R&B singer R Kelly has appeared in court in Chicago where a judge has set bail at one million dollars (£766,000).
The judge at Saturday’s hearing, Cook County Judge John Fitzgerald Lyke Jr, is the same judge who presided over Empire actor Jussie Smollett’s bail hearing earlier this week.
Kelly was charged on Friday with 10 counts of aggravated sexual abuse involving four female victims, including three who were between the ages of 13 and 17 at the time.
Cook County state’s attorney Kim Foxx says the alleged abuse dated back as far as 1998 and spanned more than a decade.
Kelly was tried and acquitted of child pornography charges in 2008 and has consistently denied any sexual misconduct.
The 52-year-old Grammy winner’s lawyer said Friday that he was confident Kelly would be vindicated.
Judge Fitzgerald Lyke Jr said during Saturday’s hearing that the bail amount equalled 250,000 dollars for each of the four people he is charged with sexually abusing.
He called the allegations against Kelly “disturbing” during the hearing.
The singer stared at the floor while the judge was speaking and looked dejected.
Kelly had spent the night in jail before being taken to the court.
He stood with his hands behind his back and said to the judge: “How are you?”
Kelly’s lawyer, Steve Greenberg, said his client was not a flight risk and told the judge: “Contrary to the song, Mr Kelly doesn’t like to fly.”
One of Kelly’s best-known hits is I Believe I Can Fly.
The bail requires Kelly to post 100,000 dollars (£76,000) to be released.
A prosecutor told the judge that Kelly met one of the four accusers at his 2008 trial on child pornography charges.
The two met when he gave her an autograph, and the alleged abuse occurred between 2009 and 2010.
The accuser gave law enforcement a shirt that had Kelly’s DNA on it, the prosecutor said.

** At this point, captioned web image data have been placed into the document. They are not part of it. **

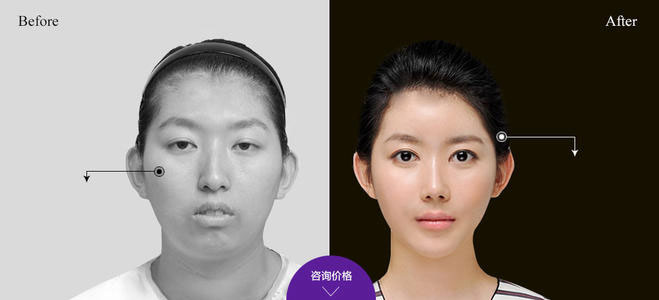 下頜角整形的方法有哪些？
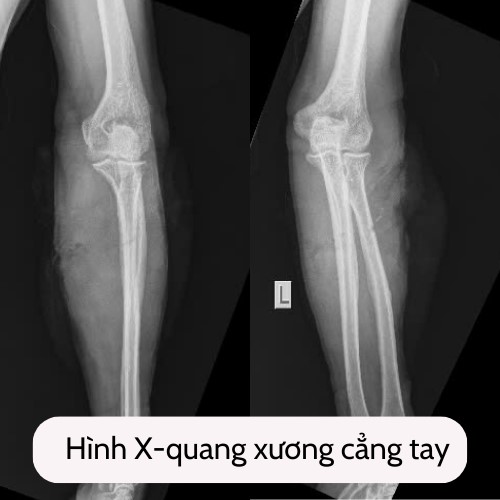 Người đ&agrave;n &ocirc;ng bị m&aacute;y cưa sắt cắt tay phải nối lại mạch m&aacute;u, d&acirc;y thần kinh- Ảnh 1.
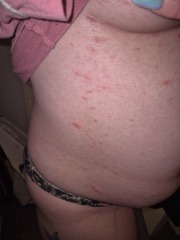 Rash all over breasts and torso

Kelly has been dogged for decades by allegations that he violated underage girls and women and held some as virtual slaves.
After the hearing, Greenberg told reporters that he thought all four of the accusers were lying.
“He did not force anyone to have sex. He’s a rock star. He doesn’t have to have non-consensual sex,” Greenberg said.
Lawyer Michael Avenatti said it was “outrageous” that R Kelly’s lawyer asserted that the four accusers were lying about being sexually abused by the singer.
Avenatti, who said he represents two alleged Kelly victims and said he gave gave prosecutors new video evidence of Kelly having sex with an underage girl, said on Saturday that “We’re going to do everything in our power to make sure 2019 is not a repeat of 2008”.
He was referring to Kelly’s 2008 child pornography trial.